(EXERCISE MATERIALS)
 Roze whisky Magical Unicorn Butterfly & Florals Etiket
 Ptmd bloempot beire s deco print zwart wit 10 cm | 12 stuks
(End EXERCISE MATERIALS)
(EXERCISE MATERIALS)
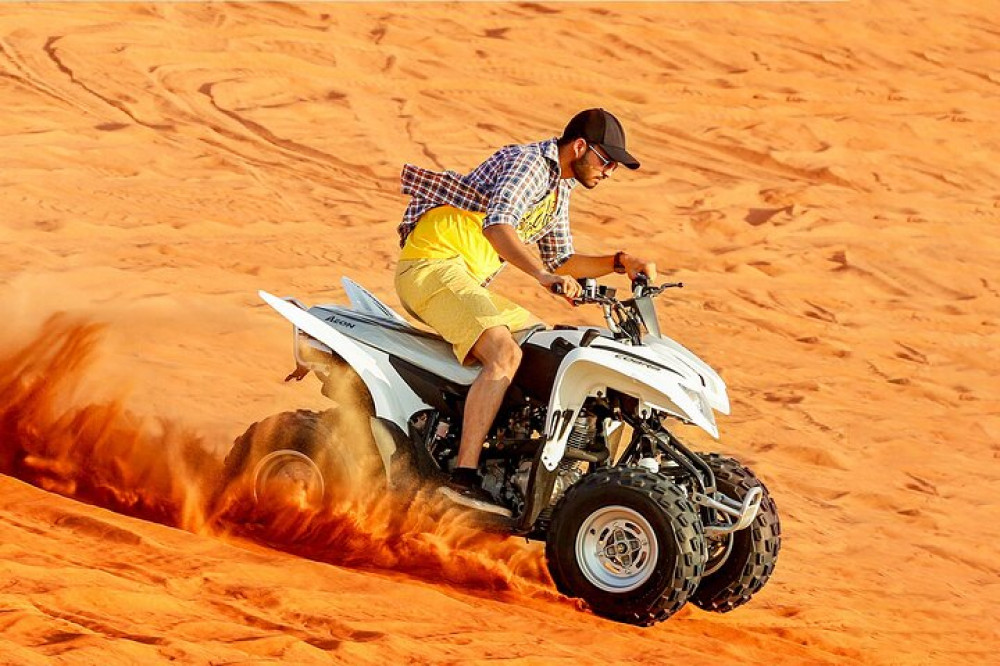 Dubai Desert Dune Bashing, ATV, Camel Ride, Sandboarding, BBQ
(End EXERCISE MATERIALS)
EXERCISE PROMPT: Take exactly the lines from the one containing "Roze whisky Magical" through the one containing "Ptmd bloempot beire" in the data above, and output them with nothing added.

THE ANSWER:
 Roze whisky Magical Unicorn Butterfly & Florals Etiket
 Ptmd bloempot beire s deco print zwart wit 10 cm | 12 stuks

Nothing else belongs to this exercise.